PROBLEM REQUIREMENTS: Write out the whole listing exactly; no images belong in it.

DATA BLOCK:
------------------------------------------------------------------------

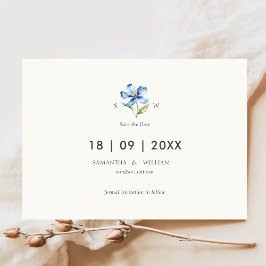 Waterverf bloem Save the Date Kaart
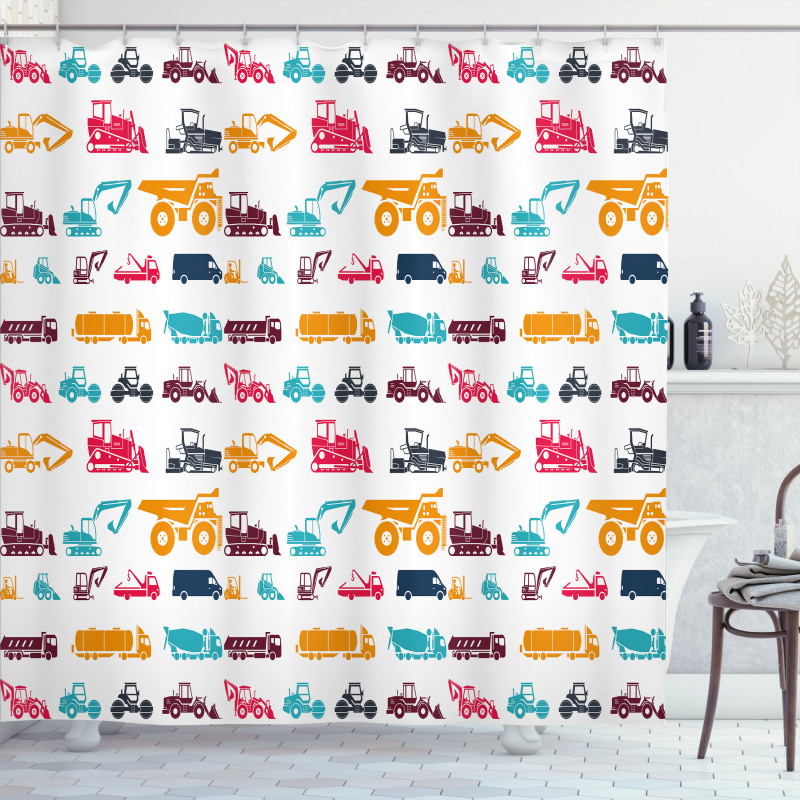 Colorful Trucks Shower Curtain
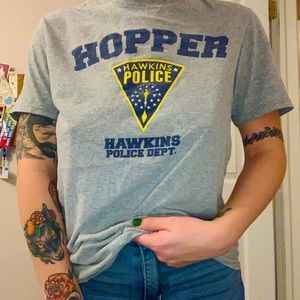 hopper stranger things tshirt
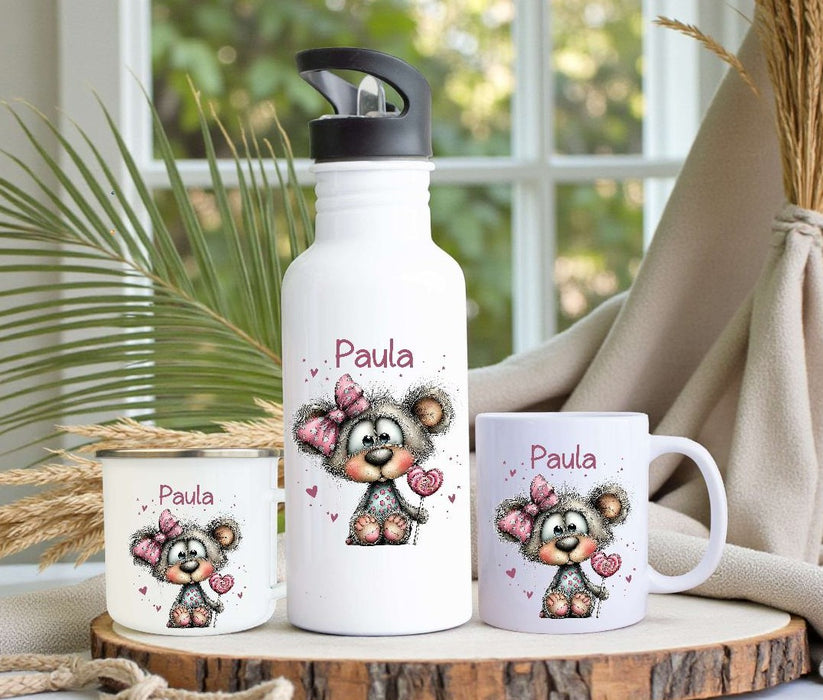 Personalisiertes Kinder Trinkflaschen- & Tassen-Set mit Namen Bär – Edelstahl Trinkflasche 500 ml für Schule & Kindergarten - CreativMade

------------------------------------------------------------------------

WRITTEN SOLUTION:
 Waterverf bloem Save the Date Kaart
 Colorful Trucks Shower Curtain
 hopper stranger things tshirt
 Personalisiertes Kinder Trinkflaschen- & Tassen-Set mit Namen Bär – Edelstahl Trinkflasche 500 ml für Schule & Kindergarten - CreativMade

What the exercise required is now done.